▶ [WHAT YOU HAVE TO DO]: Your task is to repeat all of the data exactly while excluding the pictures.

(PROVIDED DATA begins)

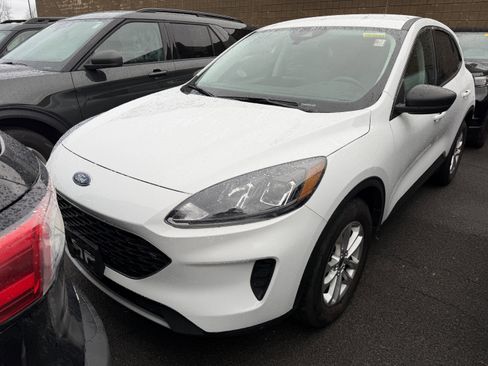 Used 2022 Ford Escape SE image 3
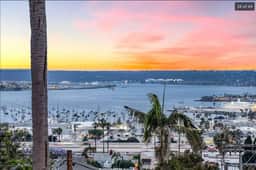 Bay View Penthauz Monthly Rental, 2 parking spots!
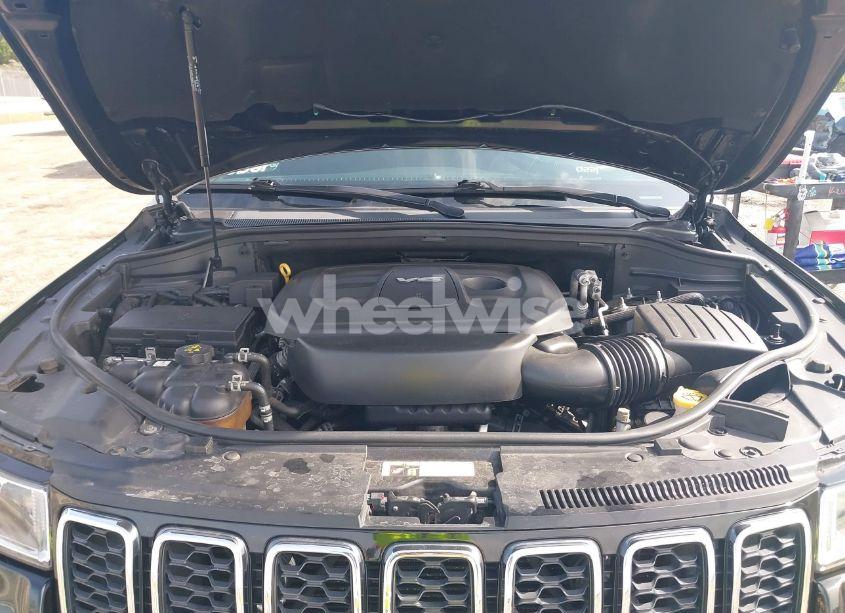 Photo 10 of 2017 Jeep Grand CHEROKEE LAREDO 4X2 (VIN 1C4RJEAG8HC647382)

(PROVIDED DATA ends)

▶ [OUTPUT BELOW]:
 Used 2022 Ford Escape SE image 3
 Bay View Penthauz Monthly Rental, 2 parking spots!
 Photo 10 of 2017 Jeep Grand CHEROKEE LAREDO 4X2 (VIN 1C4RJEAG8HC647382)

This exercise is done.